→ **WORK REQUIRED**
Where the listing below has a line with "1997-98 Mundicromo Sport", write out exactly that line and every line after it, stopping after the line with "Sac Seau MILA - Noir Absolu".
---
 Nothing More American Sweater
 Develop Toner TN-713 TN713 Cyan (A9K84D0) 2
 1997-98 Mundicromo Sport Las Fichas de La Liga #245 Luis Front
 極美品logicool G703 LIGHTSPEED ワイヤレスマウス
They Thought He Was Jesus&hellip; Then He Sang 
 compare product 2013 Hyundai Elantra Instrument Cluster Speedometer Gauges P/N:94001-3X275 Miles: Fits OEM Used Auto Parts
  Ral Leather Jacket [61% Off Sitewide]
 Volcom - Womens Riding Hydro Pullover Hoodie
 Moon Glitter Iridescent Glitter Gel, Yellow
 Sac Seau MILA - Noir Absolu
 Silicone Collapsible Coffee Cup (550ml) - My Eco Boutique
---
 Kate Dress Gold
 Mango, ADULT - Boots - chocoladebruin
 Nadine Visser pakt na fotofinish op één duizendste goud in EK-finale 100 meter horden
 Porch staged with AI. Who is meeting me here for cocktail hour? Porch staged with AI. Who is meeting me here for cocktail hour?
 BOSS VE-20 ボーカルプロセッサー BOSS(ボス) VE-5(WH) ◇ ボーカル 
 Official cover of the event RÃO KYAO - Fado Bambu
---
→ **ANSWER BELOW**
 1997-98 Mundicromo Sport Las Fichas de La Liga #245 Luis Front
 極美品logicool G703 LIGHTSPEED ワイヤレスマウス
They Thought He Was Jesus&hellip; Then He Sang 
 compare product 2013 Hyundai Elantra Instrument Cluster Speedometer Gauges P/N:94001-3X275 Miles: Fits OEM Used Auto Parts
  Ral Leather Jacket [61% Off Sitewide]
 Volcom - Womens Riding Hydro Pullover Hoodie
 Moon Glitter Iridescent Glitter Gel, Yellow
 Sac Seau MILA - Noir Absolu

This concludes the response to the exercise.